Все пристройки у стены были погребены под серым кирпичом: сарайчик, узкая будочка слесаря и кривобокий домик сапожника. Дикарь бросился помогать разгребающим завалы, а вокруг всё бродил и бродил мальчишка со взрослым лицом, покрытым серой пылью - Дикарю предстояло вытянуть из-под того, что осталось от домика сапожника, то, что осталось от самого сапожника, отца мальчишки.
И Дикарь нашёл подошву от ботинка, и сломанное шило - о него он умудрился не уколоться, пропоров себе зато ладонь осколком оконного стекла. Затем Дикарь откопал и сапожника, а потом Дикаря пришлось унести - без консервов и Конрада он совсем одурел, совсем одурел, голодный и одинокий.

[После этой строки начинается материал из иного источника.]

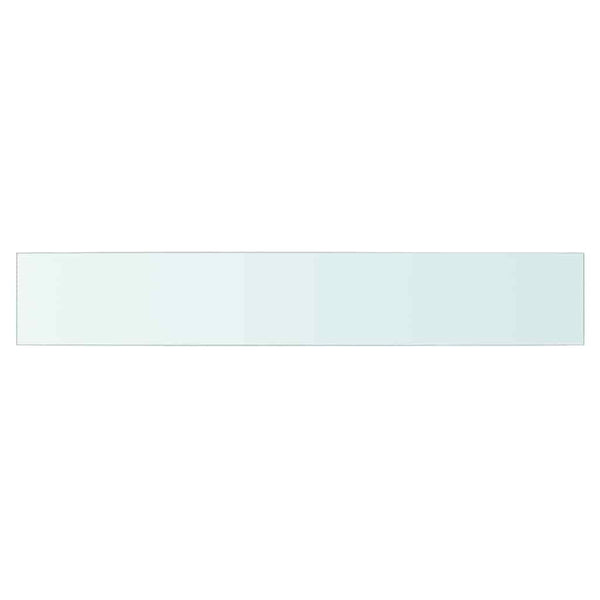vidaXL Shelf Boards 2 pcs. Glass Transparent 90x15 cm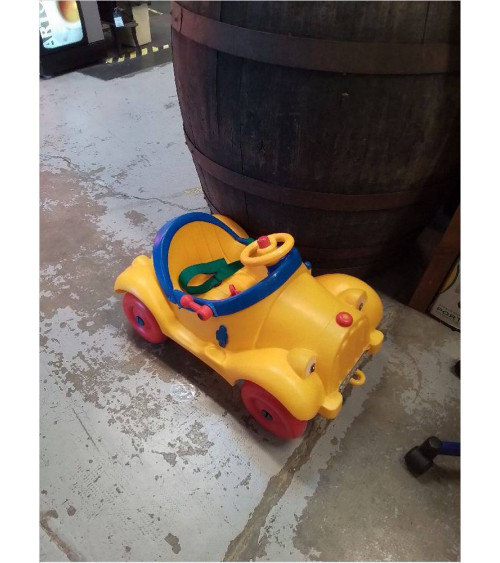 JOUET VOITURE JAUNE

- Там ещё остались говяжьи жилы с кашей.
- Жилы с кашей? - переспросила Ингри серьёзно. Дикарь кивнул.
- Восемь банок. Сама понимаешь, этого мало.
Ингри завела правую руку за спину, и, осторожно отцепив его пальцы от ремня, взяла его ладонь в свою.
- Война всё равно кончится, не сегодня, так завтра. Нас бомбить уже перестали.
Дикарь сжал её руку, и Ингри вдруг добавила:
- Вот только бомбят уже других.
Дикарь медленно кивнул, не отрывая глаз от её узловатых пальцев, пахнущих рыбой - и отчего-то серой пылью.